┌────────
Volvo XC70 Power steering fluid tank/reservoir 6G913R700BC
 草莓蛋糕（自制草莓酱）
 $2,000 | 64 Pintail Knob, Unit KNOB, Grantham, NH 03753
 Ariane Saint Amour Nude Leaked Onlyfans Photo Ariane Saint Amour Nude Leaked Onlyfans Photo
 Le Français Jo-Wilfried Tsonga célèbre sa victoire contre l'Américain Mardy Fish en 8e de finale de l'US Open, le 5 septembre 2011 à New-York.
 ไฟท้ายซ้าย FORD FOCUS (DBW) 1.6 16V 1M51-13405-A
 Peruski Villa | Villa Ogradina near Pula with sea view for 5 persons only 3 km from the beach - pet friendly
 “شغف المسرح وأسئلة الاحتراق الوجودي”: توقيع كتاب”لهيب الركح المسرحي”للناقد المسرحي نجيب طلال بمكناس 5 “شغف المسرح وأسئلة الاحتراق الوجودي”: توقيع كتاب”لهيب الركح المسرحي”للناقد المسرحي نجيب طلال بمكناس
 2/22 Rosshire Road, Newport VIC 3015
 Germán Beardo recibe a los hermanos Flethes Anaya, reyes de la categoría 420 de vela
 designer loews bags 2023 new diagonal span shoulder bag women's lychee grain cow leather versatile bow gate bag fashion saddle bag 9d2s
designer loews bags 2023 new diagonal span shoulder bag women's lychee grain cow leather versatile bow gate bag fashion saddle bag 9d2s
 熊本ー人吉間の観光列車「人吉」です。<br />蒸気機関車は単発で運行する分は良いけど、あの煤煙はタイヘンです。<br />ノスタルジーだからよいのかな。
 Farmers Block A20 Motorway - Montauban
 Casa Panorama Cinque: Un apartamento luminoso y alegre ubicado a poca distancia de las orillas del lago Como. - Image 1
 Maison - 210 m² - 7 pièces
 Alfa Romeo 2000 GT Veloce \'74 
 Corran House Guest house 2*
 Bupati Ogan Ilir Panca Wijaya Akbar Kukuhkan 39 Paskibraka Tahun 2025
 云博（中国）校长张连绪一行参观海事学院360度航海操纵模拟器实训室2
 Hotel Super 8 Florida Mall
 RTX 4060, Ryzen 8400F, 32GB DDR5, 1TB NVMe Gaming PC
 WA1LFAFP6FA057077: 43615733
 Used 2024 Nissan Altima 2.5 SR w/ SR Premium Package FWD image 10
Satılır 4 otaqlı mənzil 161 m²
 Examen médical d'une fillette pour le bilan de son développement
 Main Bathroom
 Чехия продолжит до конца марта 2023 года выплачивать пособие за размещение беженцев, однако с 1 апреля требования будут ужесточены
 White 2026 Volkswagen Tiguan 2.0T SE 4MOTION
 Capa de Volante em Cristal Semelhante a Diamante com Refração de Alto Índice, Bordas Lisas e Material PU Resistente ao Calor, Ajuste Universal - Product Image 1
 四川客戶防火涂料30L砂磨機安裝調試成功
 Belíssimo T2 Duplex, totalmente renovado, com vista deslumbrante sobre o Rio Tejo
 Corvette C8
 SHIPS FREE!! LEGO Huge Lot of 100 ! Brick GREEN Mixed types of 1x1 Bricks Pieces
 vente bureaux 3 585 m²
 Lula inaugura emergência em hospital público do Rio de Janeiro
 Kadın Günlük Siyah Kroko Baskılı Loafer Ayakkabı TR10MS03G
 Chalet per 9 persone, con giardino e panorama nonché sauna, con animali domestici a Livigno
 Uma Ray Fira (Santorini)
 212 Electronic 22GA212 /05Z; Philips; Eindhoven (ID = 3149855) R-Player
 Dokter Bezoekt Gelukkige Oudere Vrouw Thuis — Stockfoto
└────────
What you will do:
Please retype the data exactly as it stands, from its first line down to the line that contains "Le Français Jo-Wilfried", then stop.

Solution below:
Volvo XC70 Power steering fluid tank/reservoir 6G913R700BC
 草莓蛋糕（自制草莓酱）
 $2,000 | 64 Pintail Knob, Unit KNOB, Grantham, NH 03753
 Ariane Saint Amour Nude Leaked Onlyfans Photo Ariane Saint Amour Nude Leaked Onlyfans Photo
 Le Français Jo-Wilfried Tsonga célèbre sa victoire contre l'Américain Mardy Fish en 8e de finale de l'US Open, le 5 septembre 2011 à New-York.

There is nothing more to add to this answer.